Figuriamoci, poi programmare il rientro della missione in rapporto alla
rotazione terrestre il cui calcolo a sua volta avrebbe dovuto tener conto
di una lunghissima serie di variabili dovute principalmente:
-
alla somma di tutte le velocità della navetta con l’accelerazione in andata dei
primi due stadi;
-
all’esatta traiettoria orbitale terrestre;
-
all’esatta spinta del terzo stadio in rapporto al momento della posizione di
inizio spinta;
-
al calcolo dell’esatta ellitticità del lunghissimo viaggio di andata;
-
alla rotazione orbitale esatta attorno alla Luna in rapporto alla distanza
dalla superficie per ogni orbita lunare;
-
al calcolo esatto al millesimo della velocità di rotazione;
-
alla esatta accensione e spinta del modulo di servizio in rapporto al peso
residuo comprensivo delle rocce lunari raccolte;
-
alla esatta traiettoria ellittica di ritorno,
-
alla sua velocità progressiva nel viaggio automatico ellittico di ritorno;
Tutto ciò, al fine di
arrivare all’appuntamento del contatto con l’atmosfera terrestre mentre la
Terra si trovava nella posizione esatta tale da consentire il loro rientro nell’oceano
Pacifico, in un punto ben definito e determinato dalla sommatoria di tutte le
distanze, i tempi e la velocità, compresi il numero delle rotazioni orbitali lunari
stabilite precedentemente in rapporto alla posizione della Terra dall’ora del
lancio, fino alla sua esatta posizione nel momento del rientro in rapporto a
tutti i tempi e velocità ed ai percorsi
ellittici con le esatte distanze da percorrere in ciascuna missione
pianificata. E riuscire sempre perfettamente in un tale calcolo dalla loro
prima missione con l’Apollo 8 e le sue 10 orbite lunari fino all’ultima con le
sue 75 orbite! Insomma: non è proprio, materialmente possibile, soprattutto
se pensiamo che nel 1969 a bordo della navicella non c’era nemmeno un personal
computer degno di questo nome. Sarebbe stato meno inverosimile se almeno in una
delle missioni Apollo avessero fatto una o più orbite lunari (di circa due ore)

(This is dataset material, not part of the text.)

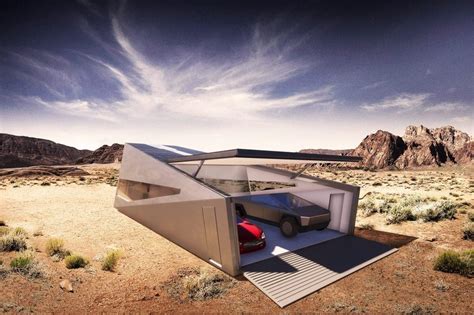 Someone has designed a modular garage for the radical Tesla Cybertruck ...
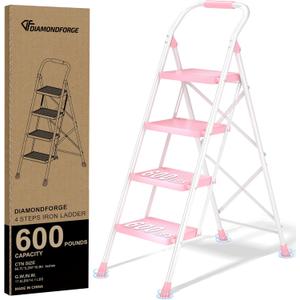 Step Ladder Foldable Folding Stool - for Home Adults Kitchen 4 Stepping Extension Tall Heavy Duty with Handrails - Closet Stepstool Stair Ladders Extendable Stepladder for Indoor House 600Lbs (White Pink)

al fine di predisporre il rientro in un area dell’oceano Pacifico che comprenda
due fusi orari. Inoltre sarebbe stato meno inverosimile se essi avessero
dichiarato una velocità di impatto nell’atmosfera terrestre intorno ai 28.000
km/h, invece di quelli dichiarati dalla Nasa di 39.000 km/h e tutto questo non fa che confermare l’ipotesi che essi non potessero
essere in grado di prevedere il punto esatto in cui ammarare nell’Oceano
Pacifico. Il punto di ammaraggio non poteva quindi assolutamente essere
calcolato in rapporto a tutte le variabili del viaggio e per la sua fattibilità
essi avrebbero dovuto quindi necessariamente disporre di un ulteriore quarto
stadio, potente quanto il terzo, tale da imprimergli una decelerazione dai
39.000 km/h dichiarati fino ad una velocità di molto inferiore ai 28.000 km/h (per non fondersi nell’impatto con l’atmosfera
terrestre). Questo avrebbe consentito loro di restare nell’orbita terrestre per
un ultimo giro e scegliere così il momento per la frenata in modo da
precipitare con una parabola controllata nell’Oceano pacifico. Quindi, se non
hanno predisposto tutto questo, come avrebbero fatto a tornare sani e
salvi? In base ai parametri, agli schemi di viaggio ed alle informazioni
sulla velocità di rientro fornite dalla Nasa per tutte le missioni Apollo,
queste sarebbero dunque dovute
precipitare sulla Terra infuocandosi e disintegrandosi come dei meteoriti,
altro che ammaraggio morbido! Ma se il Saturno
V avesse avuto quattro stadi e non tre la sua massa sarebbe stata ancora
maggiore ed avrebbe avuto bisogno di una spinta iniziale enormemente
superiore che a tutt’oggi è ancora impossibile da realizzare!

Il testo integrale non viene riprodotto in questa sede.